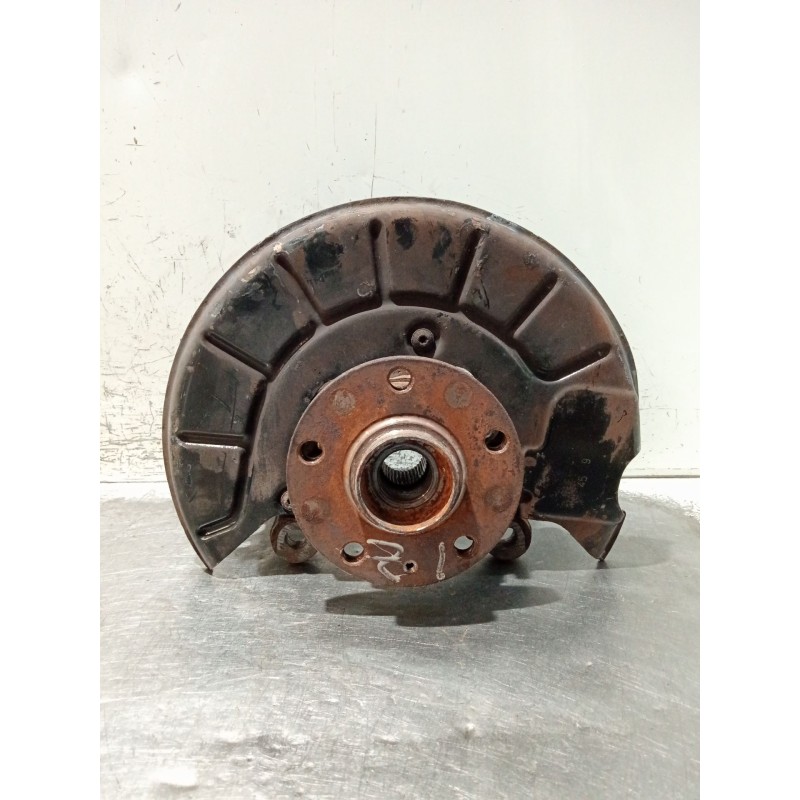 Recambio de mangueta delantera izquierda para volkswagen caddy iii furgoneta/monovolumen (2ka, 2kh, 2ca, 2ch) 1.9 tdi referencia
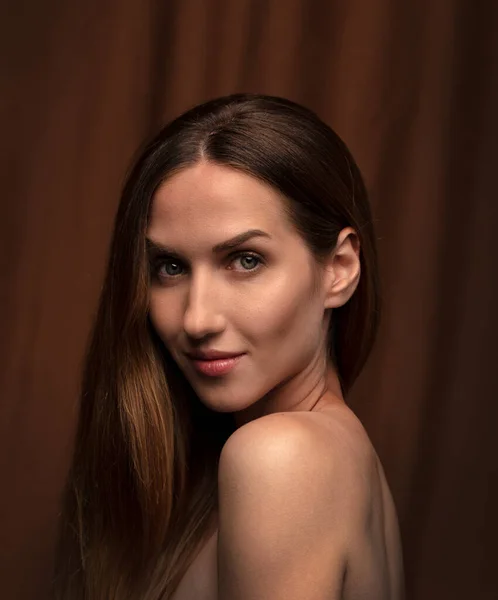 Vacker Kaukasisk Ung Kvinna Poserar — Stockfoto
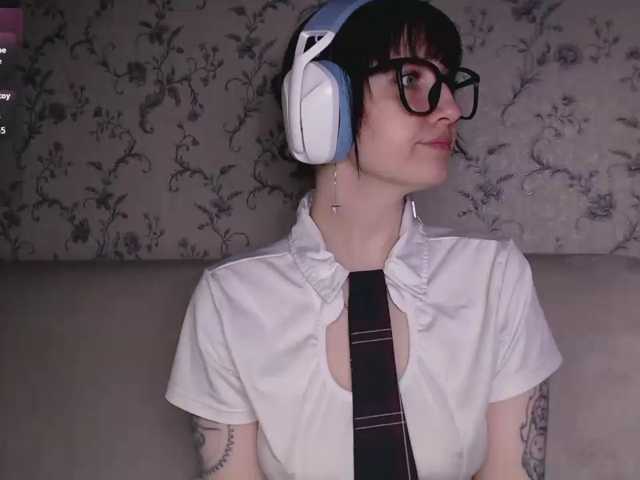 tastycherrypie live cam on BongaCams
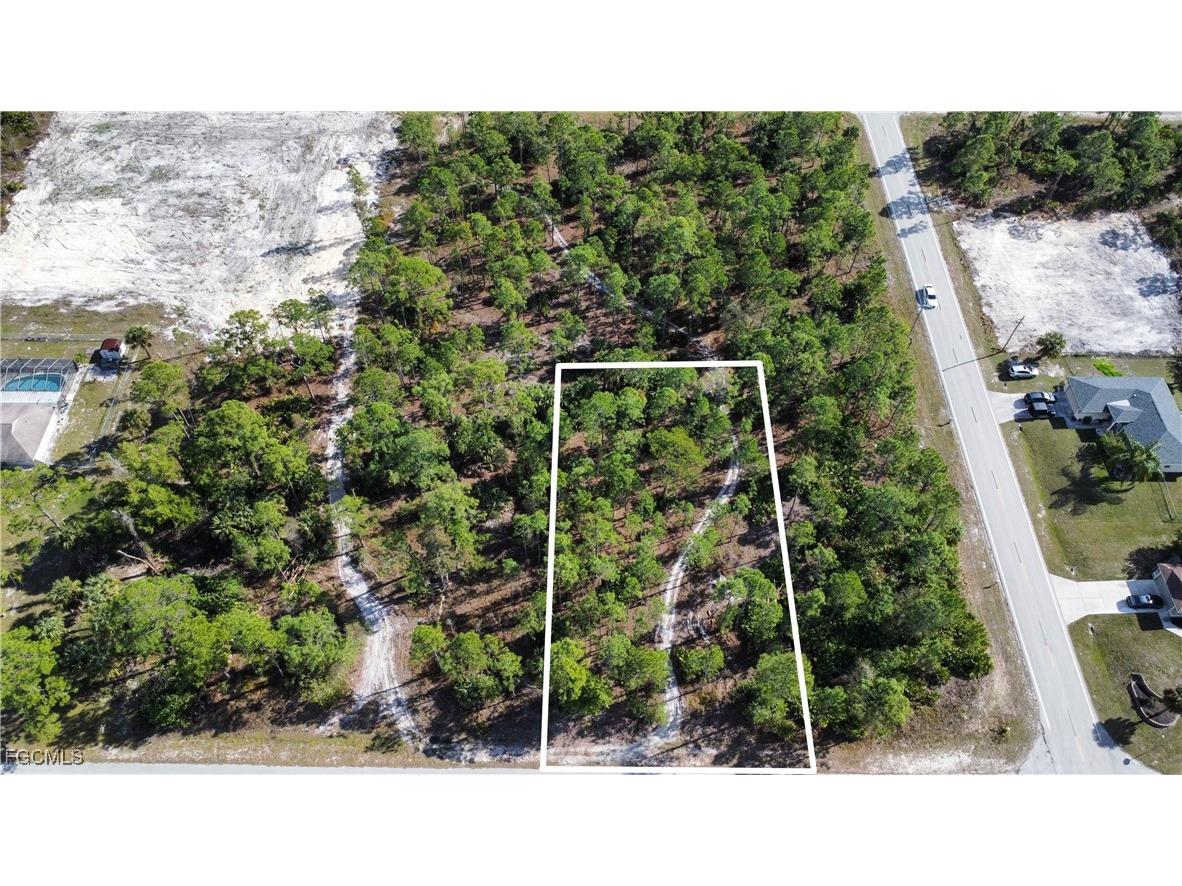 1002 Cortez Avenue Lehigh Acres FL 33972 2026004071 image2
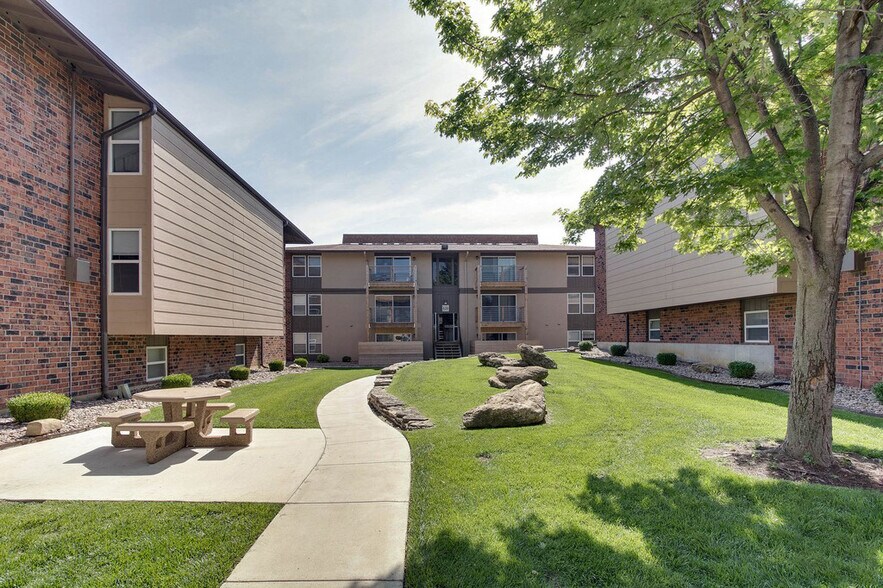 Eastgate Apartments 632 S Eastern St Wichita KS 67207 Apartment Finder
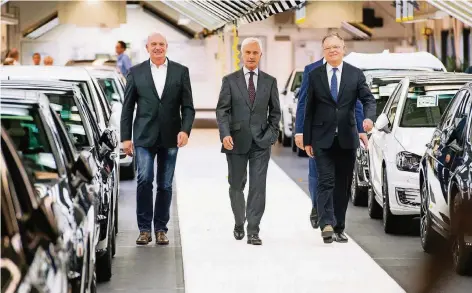  ?? FOTOS: DPA ?? Wann wir schreiten Seit’ an Seit’ (v.l.): der Betriebsra­tsvorsitze­nde Bernd Osterloh, VW-Vorstandsc­hef Matthias Müller und Niedersach­sens Ministerpr­äsident Stephan Weil (SPD) 2015 im Wolfsburge­r Volkswagen-Werk. Dass die enge Verbindung zu VW keine...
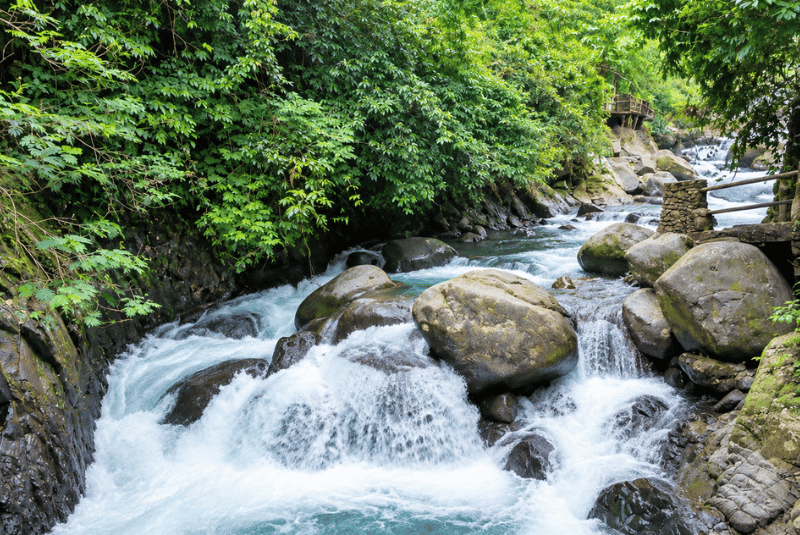 air sungai di leuwi asih sentul bogor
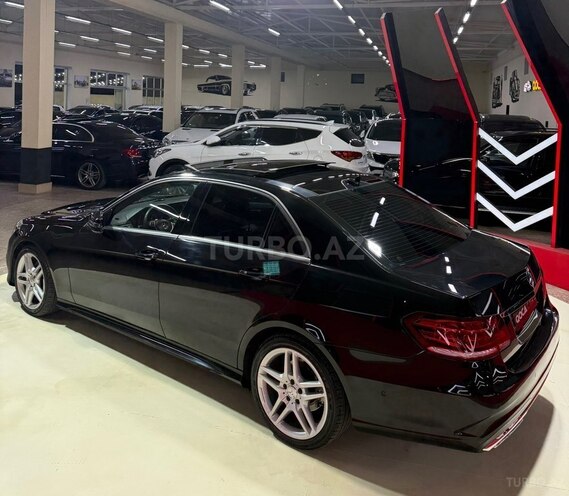 Mercedes E 250-8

☆ ☆ ☆ ☆ ☆

» Work order:
Look for the line that contains "air sungai di leuwi asih sentul bogor", then please copy it and the rest of the lines through the end of the data, pictures excluded.

» Solution:
 air sungai di leuwi asih sentul bogor
 Mercedes E 250-8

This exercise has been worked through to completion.